Erst vergangene Woche beim Festakt im United States Holocaust Memorial zu 25 Jahren Washingtoner Prinzipien, auf die sich damals 44 Staaten zwecks Restitution geeinigt hatten, ermahnte ihr Mitbegründer Stuart Eizenstat die Bundesrepublik mit deutlichen Worten: Deutschland trage die größte Verantwortung und müsse deshalb Vorbild sein.

Bleibt zu hoffen, dass die Einigkeit im Kulturausschuss und die Kritik Stuart Eizenstats auch am Mittwoch in der Kulturministerkonferenz ihre Wirkung zeigt, wo Kulturstaatsministerin Claudia Roth die einseitige Anrufbarkeit der Beratenden Kommission durchsetzen will. Als einziges Land verwehrt Bayern bisher seine Zustimmung – auch aus Sorge, dass die Staatsgemäldesammlung Picassos „Madame Soler“ an die Nachfahren des jüdischen Bankiers Paul von Mendelssohn-Bartholdy zurückgeben müsste.

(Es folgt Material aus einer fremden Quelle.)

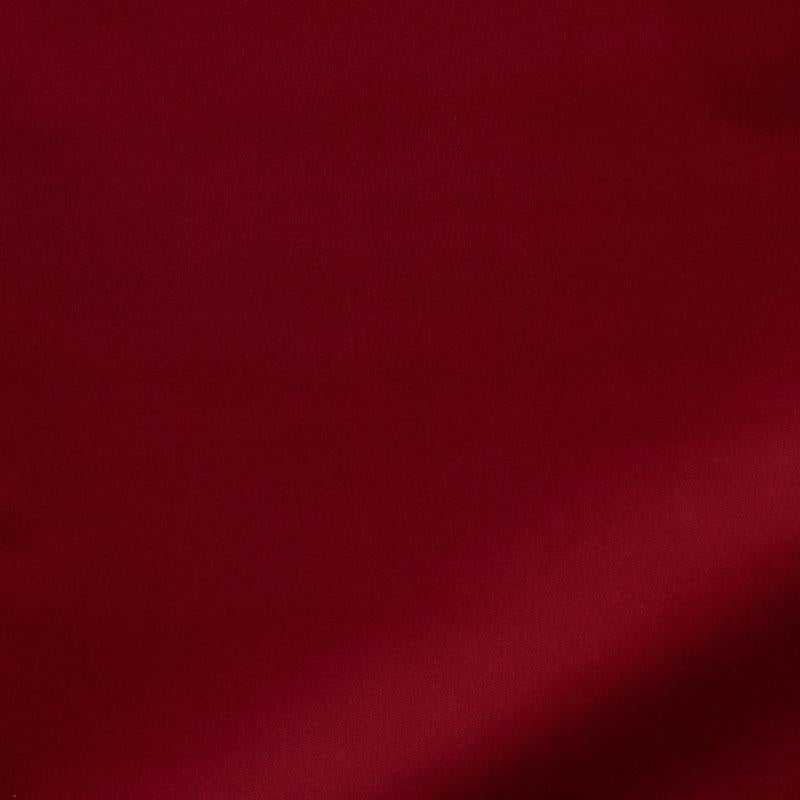 Schumacher Rocky Performance Velvet Garnet Fabric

Beugt sich Bayern dem Druck, dürfte sich auch bei der Berufung der Kommissionsmitglieder einiges ändern. Sie soll künftig transparenter sein und unter Beteiligung von Opferorganisationen tagen. Außerdem soll sie eigene Provenienzforschung betreiben dürfen, um Interessenskonflikte zu vermeiden. Bisher war die Kommission allein auf die eingereichten Unterlagen der streitenden Parteien angewiesen.

Im Sinne des Gemeinwohls

Ändern könnte sich auch die Zwei-Drittel-Mehrheit für eine Empfehlung des Gremiums. „Das ist nicht fair und gerecht“, kritisierte die ungarische Fachanwältin Agnes Peresztegi den bisher geltenden Modus in Anspielung auf die Washingtoner Prinzipien.

Komplizierter wird es allerdings mit der Einführung eines neuen Restitutionsgesetz, zumindest langwieriger. Denn hier geht es um die privaten Besitzer, der bisher geltende Schutz des Eigentums würde bei NS-Raubkunst aufgehoben – im Sinne des Gemeinwohls.

Marion Ackermann, Generaldirektorin der Staatlichen Museen Dresden, äußerte sich allerdings skeptisch, gäbe es doch für die öffentlichen Häuser bereits genügend Instrumente und ein hohes Maß an Verbindlichkeit.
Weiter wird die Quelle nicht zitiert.